*Problem requirements*.
Return the line containing "8 دجاج بكستاني" together with every later line up to the end of the records, exactly and with no pictures; return nothing else.

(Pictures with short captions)

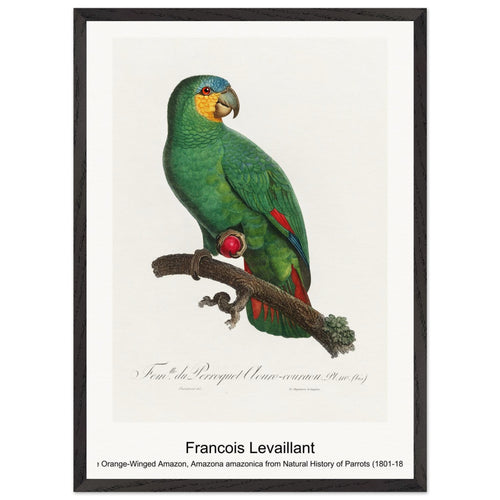 The Orange-Winged Amazon, Amazona amazonica from Natural History of Parrots (1801-1805) by François Levaillant. Archival Print on Museum Quality Matte Paper. Premium Wood Framed Wall Art. Original Aspect Ratio
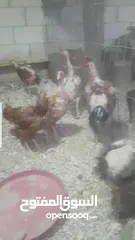  8 دجاج بكستاني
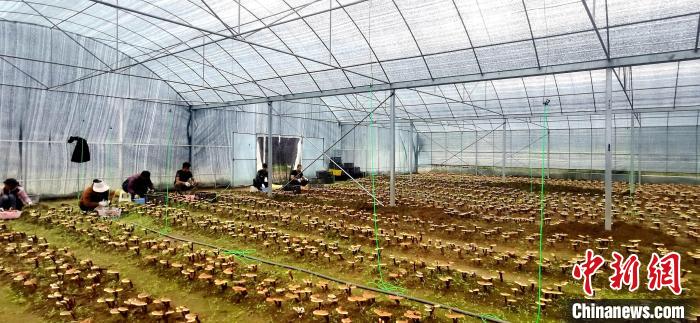 圖為紅太陽科技示范家庭農場組織民眾采收靈芝?！∑酱胪喙﹫D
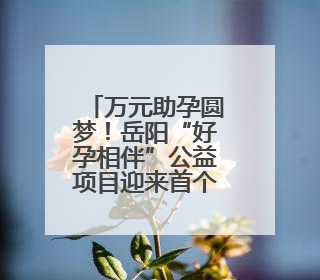 万元助孕圆梦！岳阳“好孕相伴”公益项目迎来首个新生宝宝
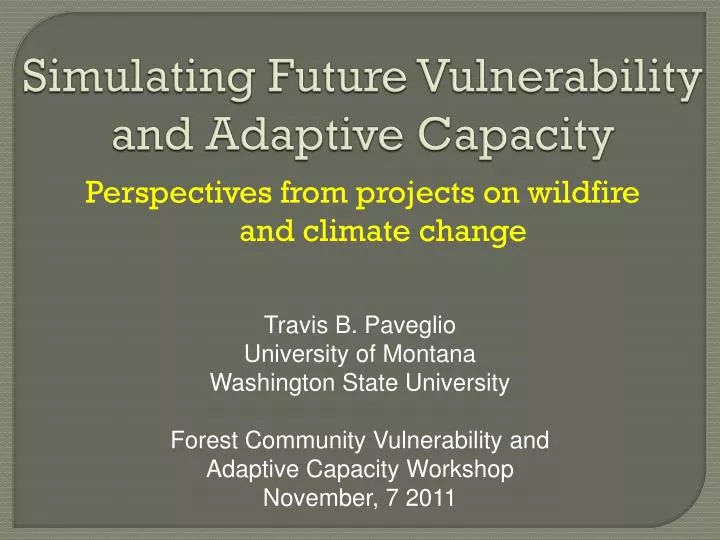 simulating future vulnerability and adaptive capacity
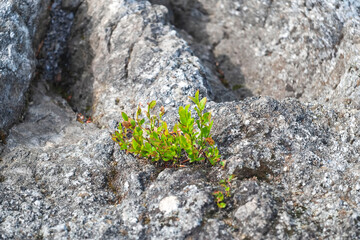 early blueberry bush on rocky mountains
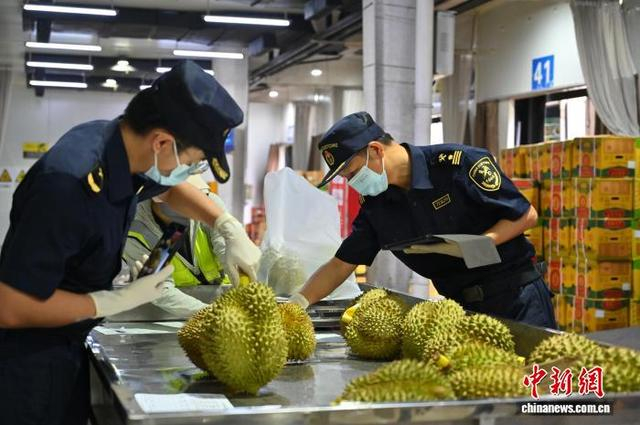图为友谊关海关人员查验进口榴莲。 俞靖 摄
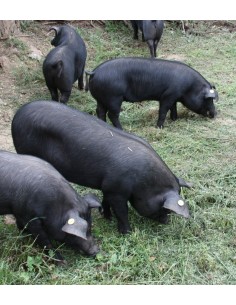 SAUCISSON IBERIQUE 2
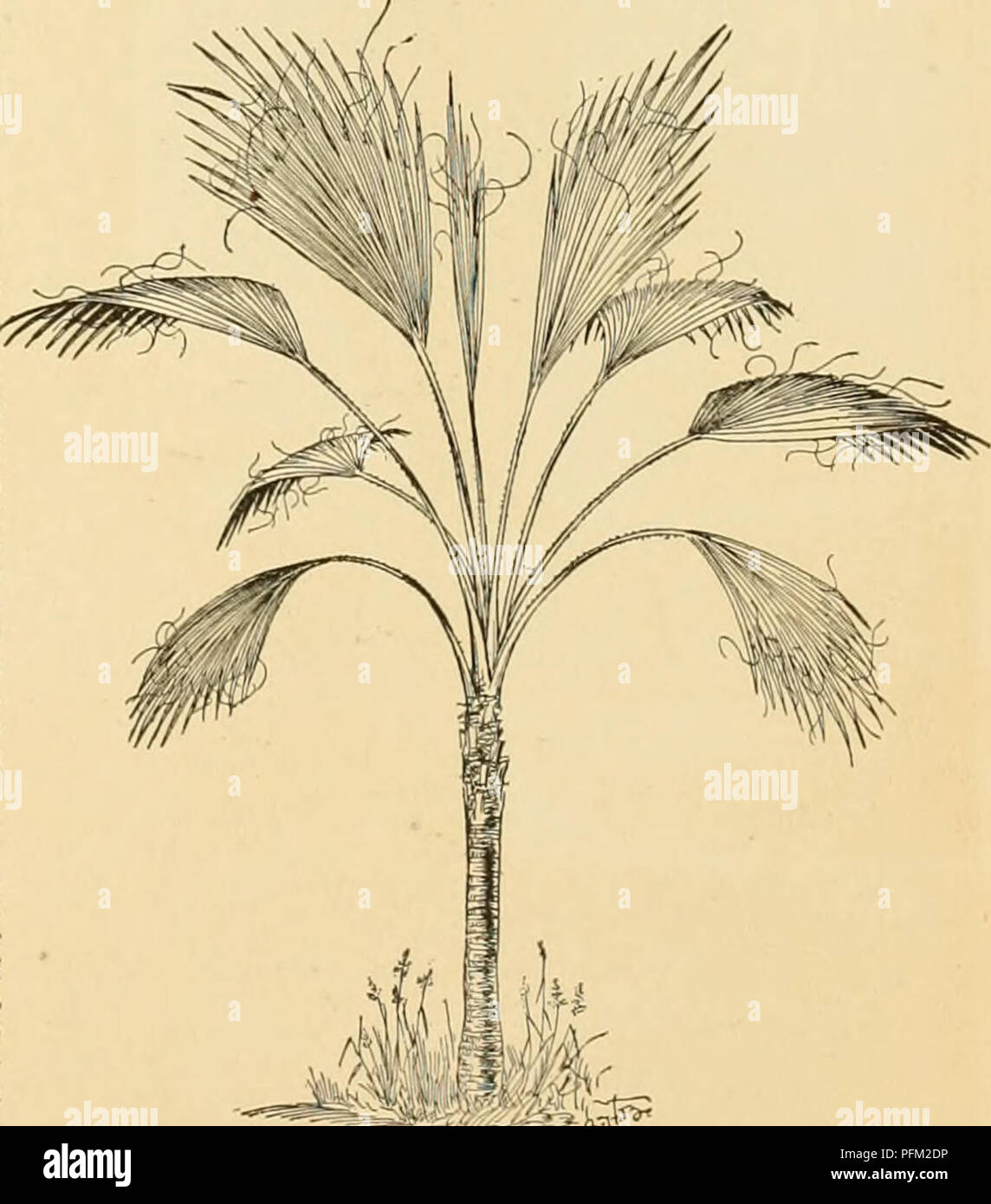 . Cyclopedia der amerikanischen Gartenbau: Bestehend aus Anregungen für den Anbau von Gartenpflanzen, Beschreibungen der Arten von Obst, Gemüse, Blumen und Zierpflanzen in den Vereinigten Staaten und in Kanada verkauft, zusammen mit geographischen und Biographische Skizzen. Gartenbau, Gartenbau, Gartenbau, Gartenbau. WASHINGTON British Columbia nehmen große Mengen von Obst und Gemüse. Sendungen von verderblichen Früchte haben nicht immer gefunden worden, um rentabel zu sein, aber der Staat ist schneller Einschwingzeit auf, und die Aussichten für die Gärtner ist sehr hell. J. A. Balmer. WASHINGTON GRA Stockfoto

*Final answer*.
  8 دجاج بكستاني
 圖為紅太陽科技示范家庭農場組織民眾采收靈芝?！∑酱胪喙﹫D
 万元助孕圆梦！岳阳“好孕相伴”公益项目迎来首个新生宝宝
 simulating future vulnerability and adaptive capacity
 early blueberry bush on rocky mountains
图为友谊关海关人员查验进口榴莲。 俞靖 摄
 SAUCISSON IBERIQUE 2
 . Cyclopedia der amerikanischen Gartenbau: Bestehend aus Anregungen für den Anbau von Gartenpflanzen, Beschreibungen der Arten von Obst, Gemüse, Blumen und Zierpflanzen in den Vereinigten Staaten und in Kanada verkauft, zusammen mit geographischen und Biographische Skizzen. Gartenbau, Gartenbau, Gartenbau, Gartenbau. WASHINGTON British Columbia nehmen große Mengen von Obst und Gemüse. Sendungen von verderblichen Früchte haben nicht immer gefunden worden, um rentabel zu sein, aber der Staat ist schneller Einschwingzeit auf, und die Aussichten für die Gärtner ist sehr hell. J. A. Balmer. WASHINGTON GRA Stockfoto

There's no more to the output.